A challenge from councillors to last month’s decision on the allocation of grants to Leeds arts organisations was voted down yesterday (Monday, 23rd April). As expected.
The Leeds City Council list published here a month ago now stands. And at least one local arts organisation with cash-flow problems will have been rushing to the bank this morning to sort out the financial difficulties apparently caused by the delay in ratifying the decision.
Who knows? Not sure they should be.
Because the debate at yesterday’s Scrutiny Committee meeting ahead of the 5-4 vote (which went depressingly predictably along party lines) revealed some interesting facts about the way arts funding is managed in Leeds.
When do us councillors get to have our say?
Towards the end of the debate Cllr Javaid Aktar (Lab. Hyde Park and Woodhouse) asked a very reasonable question. He wanted to know why a popular community organisation in his ward – Hyde Park Unity Day – was getting only £6,250 over three years when other organisations were receiving 100 times that amount and more.
Cllr Aktar was advised by the chair of the committee that this was not the occasion to query individual allocations.
“When would have been a good occasion to query them then?”, the chair was asked.
Because they way things work at the moment councillors don’t get to have a say in where this arts cash goes.

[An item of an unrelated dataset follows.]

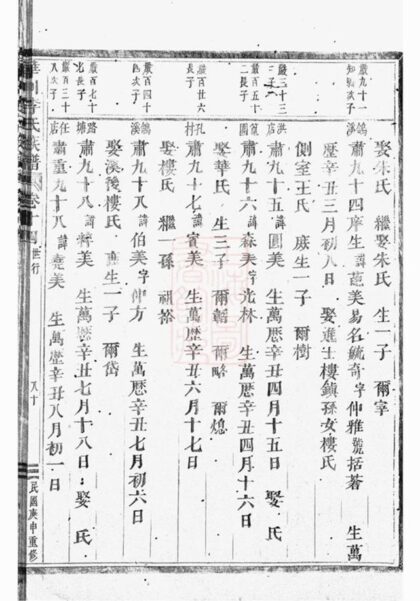 08944 華川李氏族譜 Version 1 Part 4 1207225644 1.jpg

No chance to speak up for the relative merits of arts organisations in their ward ahead of the decision. No chance to query the decision on who’s getting the money once the decision has been made.
So, if you’re a councillor who believes that it’s not right, for example, that nearly three quarters of the arts cash pie goes to the “Big Four” organisations (you know who they are – no? they’re here), when do you get to have your say? You don’t.

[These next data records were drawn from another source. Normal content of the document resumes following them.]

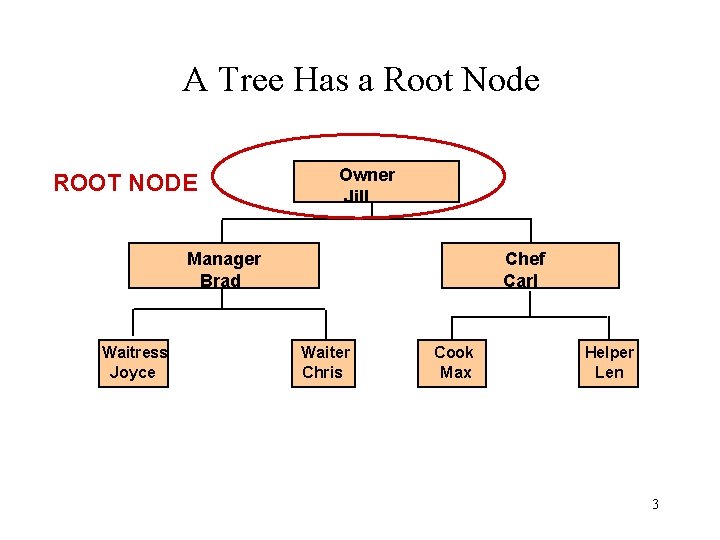 A Tree Has a Root Node ROOT NODE Owner Jill Manager Brad Waitress Joyce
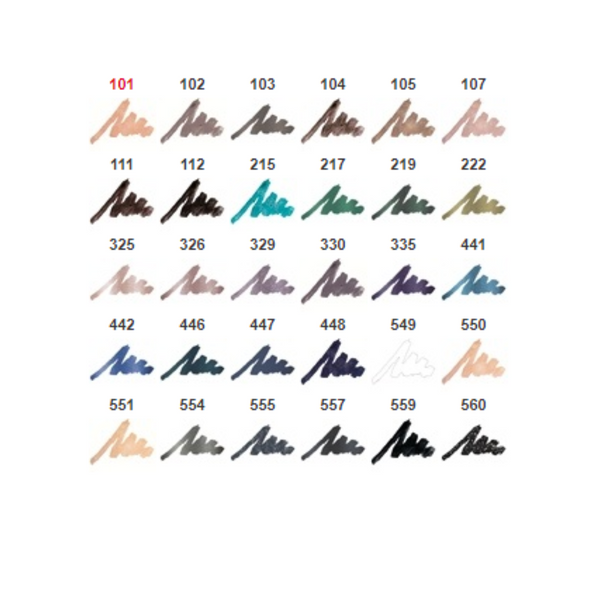 Pupa Milano eyeliner pencil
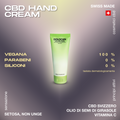 Crema per le mani DOLOCAN con CBD, confezione verde, priva di parabeni e siliconi, vegana, made in Switzerland, testata dermatologicamente.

If you’re a councillor who thinks the visual arts are under-represented in Leeds compared to theatre and dance, and you want to fight for cash for a new organisation being set up in your ward along the lines of East Street Arts, what’s the official channel you use to do it? It appears there isn’t one.

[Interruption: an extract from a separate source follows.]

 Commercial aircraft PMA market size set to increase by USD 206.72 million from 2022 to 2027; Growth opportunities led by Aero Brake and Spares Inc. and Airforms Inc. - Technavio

If you’re a councillor (or a member of the public) who wants to see the bigger picture – about how much money a particular Leeds arts organisation gets from ALL sources – like the Council’s new Leeds Inspired arts funding stream, or from the national Arts Council – where do you go to get that information?
You don’t. You’d think it would be here in the council report accompanying the decision on this stream of arts funding. But it isn’t. The bigger picture – the one that’s needed so everything becomes transparent – doesn’t exist anywhere.
Anyone checking if we’re getting value for money?
When you look at some of the arts organisations being funded by the Council, you’re talking about very large sums of taxpayers’ money – £2m over three years going to Opera North and the West Yorkshire Playhouse, for example.
So you’d expect that systems would be in place so that councillors can check (on behalf of us taxpayers) that the money is being well spent. So as to reassure us that we’re getting value for money for our cash.
Are the systems in place? Nope.
Which is a bit surprising. Because recommendations were made last year that one way this value-for-money check could be carried out would be to have councillors sitting on the management boards of those arts organisations that get a good whack of taxpayers’ money.
Has anything been done about implementing the recommendations? Nope. Have any councillors been officially allocated to these arts organisations? Nope.
The meeting heard that council officials are apparently going to start asking the arts organisations nicely about it all some time in the future – AFTER the money has been handed over.
Is it just me, or isn’t it a bit odd that our elected representatives have no direct say in where all this money goes, no access to the full information they need to see what’s being spent where on the arts in Leeds, and have no role in checking whether the money spent represents good value for us citizens of Leeds?
Isn’t it even odder that our elected representatives are happy with the situation as it is, with their popular power handed over to unelected officials? They must be. Or they’d change it. Baffling.